Take Warren Buffett and Bill Gates as an example. Buffett is a self-made billionaire who started his first business when he was 14 years old. He bought a pinball machine and put it into a local store. He saved the money he made from the machine and bought others. Gradually he built up a successful business that he was able to sell after a few years. Bill Gates, by contrast, was aided in acquiring vital contract work for IBM through his mother. So while everyone has heard that Bill Gates started Microsoft in a garage, it’s not like he had to build up his business all by himself.
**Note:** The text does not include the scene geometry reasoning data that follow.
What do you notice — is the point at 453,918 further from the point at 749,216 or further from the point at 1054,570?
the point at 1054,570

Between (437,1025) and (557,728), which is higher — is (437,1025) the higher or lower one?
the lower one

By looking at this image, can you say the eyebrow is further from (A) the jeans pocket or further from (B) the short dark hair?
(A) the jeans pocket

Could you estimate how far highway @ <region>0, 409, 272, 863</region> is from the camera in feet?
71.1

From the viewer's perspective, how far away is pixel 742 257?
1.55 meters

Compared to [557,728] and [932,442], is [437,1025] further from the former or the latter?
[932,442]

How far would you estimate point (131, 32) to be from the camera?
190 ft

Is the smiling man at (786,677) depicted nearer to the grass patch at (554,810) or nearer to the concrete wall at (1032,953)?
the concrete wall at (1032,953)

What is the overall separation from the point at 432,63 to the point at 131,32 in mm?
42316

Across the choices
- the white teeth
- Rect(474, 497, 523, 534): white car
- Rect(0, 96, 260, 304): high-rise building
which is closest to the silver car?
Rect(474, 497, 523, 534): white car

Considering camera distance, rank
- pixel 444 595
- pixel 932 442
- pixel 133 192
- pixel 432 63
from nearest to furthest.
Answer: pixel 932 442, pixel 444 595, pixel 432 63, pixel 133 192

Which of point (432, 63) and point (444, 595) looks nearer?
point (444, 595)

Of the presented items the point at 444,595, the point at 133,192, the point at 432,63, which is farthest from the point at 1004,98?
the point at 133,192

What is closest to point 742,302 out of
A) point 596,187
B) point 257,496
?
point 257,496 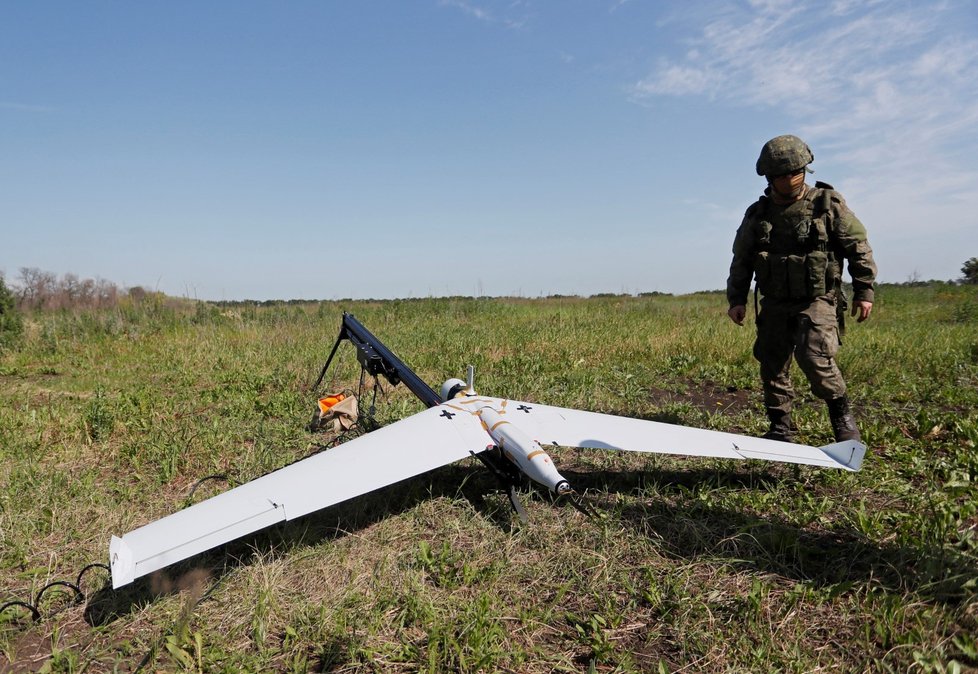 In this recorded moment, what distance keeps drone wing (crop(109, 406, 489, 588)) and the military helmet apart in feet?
10.2

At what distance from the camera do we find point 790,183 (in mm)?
4090

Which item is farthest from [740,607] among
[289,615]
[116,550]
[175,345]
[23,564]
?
[175,345]

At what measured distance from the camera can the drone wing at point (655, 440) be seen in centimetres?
318

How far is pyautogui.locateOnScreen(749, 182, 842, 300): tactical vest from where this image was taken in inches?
161

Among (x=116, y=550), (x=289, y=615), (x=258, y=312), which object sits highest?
(x=258, y=312)

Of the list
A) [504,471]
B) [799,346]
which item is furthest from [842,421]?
[504,471]

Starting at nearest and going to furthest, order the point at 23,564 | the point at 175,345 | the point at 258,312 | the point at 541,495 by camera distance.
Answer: the point at 23,564 < the point at 541,495 < the point at 175,345 < the point at 258,312

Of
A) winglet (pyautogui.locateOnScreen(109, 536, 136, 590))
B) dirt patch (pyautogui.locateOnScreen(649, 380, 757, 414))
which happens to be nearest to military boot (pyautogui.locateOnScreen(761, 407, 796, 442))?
dirt patch (pyautogui.locateOnScreen(649, 380, 757, 414))

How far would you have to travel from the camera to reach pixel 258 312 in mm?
14617

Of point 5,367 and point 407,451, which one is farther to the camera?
point 5,367

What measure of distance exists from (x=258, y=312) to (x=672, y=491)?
13719 mm

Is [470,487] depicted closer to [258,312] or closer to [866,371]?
[866,371]

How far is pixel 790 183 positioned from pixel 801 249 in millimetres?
546

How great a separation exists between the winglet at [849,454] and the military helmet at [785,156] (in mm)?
2146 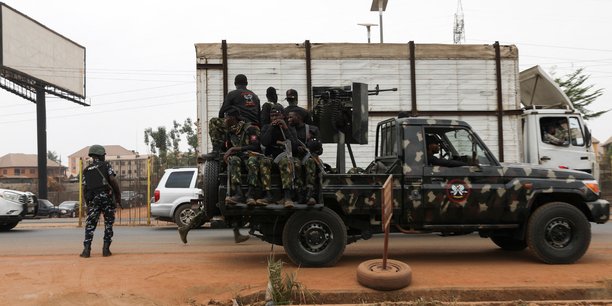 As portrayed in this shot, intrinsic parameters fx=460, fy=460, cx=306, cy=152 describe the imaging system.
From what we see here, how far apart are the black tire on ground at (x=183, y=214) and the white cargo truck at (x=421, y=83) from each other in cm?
275

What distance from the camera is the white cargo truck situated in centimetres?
950

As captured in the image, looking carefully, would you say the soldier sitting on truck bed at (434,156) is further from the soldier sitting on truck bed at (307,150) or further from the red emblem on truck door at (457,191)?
the soldier sitting on truck bed at (307,150)

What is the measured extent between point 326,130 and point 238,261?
8.38 ft

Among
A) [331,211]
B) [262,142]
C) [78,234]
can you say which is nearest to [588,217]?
[331,211]

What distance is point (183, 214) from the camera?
1154 centimetres

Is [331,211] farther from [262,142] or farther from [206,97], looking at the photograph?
[206,97]

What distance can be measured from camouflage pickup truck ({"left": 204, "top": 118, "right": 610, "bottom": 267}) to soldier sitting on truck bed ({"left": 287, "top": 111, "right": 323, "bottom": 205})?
18cm

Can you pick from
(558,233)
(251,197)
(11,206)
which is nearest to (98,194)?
Answer: (251,197)

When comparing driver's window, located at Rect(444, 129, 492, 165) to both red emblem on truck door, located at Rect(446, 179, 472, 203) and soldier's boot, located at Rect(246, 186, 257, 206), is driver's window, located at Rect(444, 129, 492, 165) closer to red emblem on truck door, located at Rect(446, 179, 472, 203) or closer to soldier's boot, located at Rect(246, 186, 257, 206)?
red emblem on truck door, located at Rect(446, 179, 472, 203)

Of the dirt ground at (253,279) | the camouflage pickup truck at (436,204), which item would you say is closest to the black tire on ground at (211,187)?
the camouflage pickup truck at (436,204)

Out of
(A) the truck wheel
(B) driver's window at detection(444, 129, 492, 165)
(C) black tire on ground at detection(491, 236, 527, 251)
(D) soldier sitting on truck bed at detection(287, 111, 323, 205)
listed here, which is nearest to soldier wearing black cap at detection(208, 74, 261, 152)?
(D) soldier sitting on truck bed at detection(287, 111, 323, 205)

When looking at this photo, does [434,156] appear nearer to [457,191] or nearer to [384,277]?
[457,191]

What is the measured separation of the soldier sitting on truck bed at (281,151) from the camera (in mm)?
6141

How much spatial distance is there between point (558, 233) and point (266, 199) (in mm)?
4180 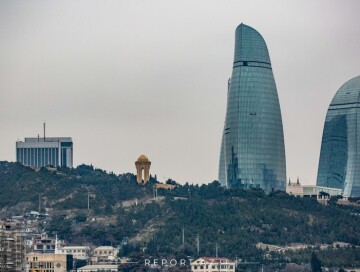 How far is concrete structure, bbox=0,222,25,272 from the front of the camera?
584 feet

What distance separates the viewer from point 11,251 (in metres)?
183

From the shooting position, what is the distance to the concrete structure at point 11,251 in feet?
584

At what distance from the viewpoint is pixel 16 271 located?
17788cm

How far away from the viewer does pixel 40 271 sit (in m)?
187

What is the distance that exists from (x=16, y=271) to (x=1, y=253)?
198 centimetres

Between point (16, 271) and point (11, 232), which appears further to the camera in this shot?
point (11, 232)

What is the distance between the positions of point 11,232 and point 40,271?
16.9 feet

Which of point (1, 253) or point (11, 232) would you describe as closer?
point (1, 253)

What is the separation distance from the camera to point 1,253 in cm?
17875

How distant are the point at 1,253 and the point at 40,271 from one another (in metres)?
9.16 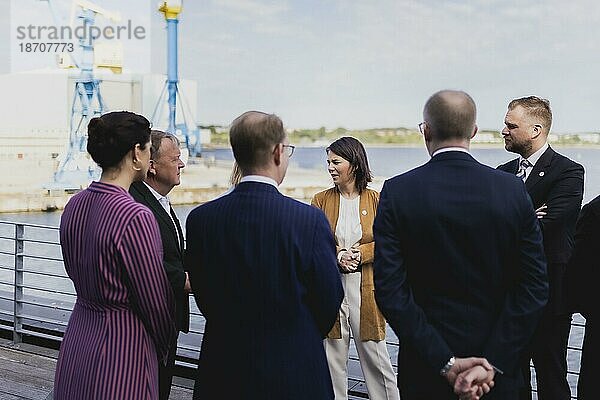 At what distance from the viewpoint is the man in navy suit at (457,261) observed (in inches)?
65.3

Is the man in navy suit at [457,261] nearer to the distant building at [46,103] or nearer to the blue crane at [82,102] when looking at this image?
the blue crane at [82,102]

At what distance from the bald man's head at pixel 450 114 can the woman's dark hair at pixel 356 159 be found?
47.9 inches

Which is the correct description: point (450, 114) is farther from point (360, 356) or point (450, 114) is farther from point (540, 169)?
point (360, 356)

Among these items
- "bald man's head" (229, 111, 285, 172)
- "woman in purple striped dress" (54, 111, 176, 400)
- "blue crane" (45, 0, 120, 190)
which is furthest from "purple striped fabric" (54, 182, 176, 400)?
"blue crane" (45, 0, 120, 190)

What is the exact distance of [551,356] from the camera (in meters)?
2.59

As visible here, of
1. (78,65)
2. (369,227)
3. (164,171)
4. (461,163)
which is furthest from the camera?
(78,65)

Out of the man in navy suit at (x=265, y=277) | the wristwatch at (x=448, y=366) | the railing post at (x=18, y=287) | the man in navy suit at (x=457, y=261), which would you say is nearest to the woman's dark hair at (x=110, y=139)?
the man in navy suit at (x=265, y=277)

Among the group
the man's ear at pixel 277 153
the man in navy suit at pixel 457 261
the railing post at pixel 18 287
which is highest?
the man's ear at pixel 277 153

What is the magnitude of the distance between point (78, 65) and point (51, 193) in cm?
707

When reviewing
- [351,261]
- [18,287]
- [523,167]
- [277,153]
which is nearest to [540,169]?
[523,167]

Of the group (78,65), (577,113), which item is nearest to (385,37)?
(577,113)

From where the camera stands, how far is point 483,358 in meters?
1.70

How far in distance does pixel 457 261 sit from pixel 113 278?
763mm

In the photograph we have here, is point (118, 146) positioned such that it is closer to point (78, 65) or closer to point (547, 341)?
point (547, 341) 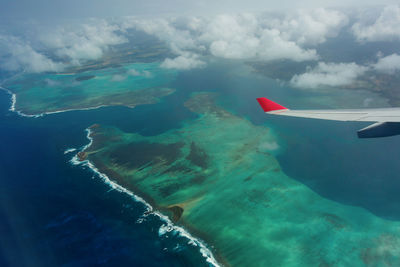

So which billionaire’s success story are you more likely to benefit from? Maybe you are overlooking family connections that can help you. Maybe you can buy a small business on the side and reinvest its meager profits into growing the business. Either way, you can look for opportunities in your own life that resemble those used by real-life billionaires. And here is the story of another man who became successful, if not a billionaire. See how he leveraged his career to start a new business that was very successful because it was directly connected to what he used to do. He no doubt leveraged business relationships he had built up through the years.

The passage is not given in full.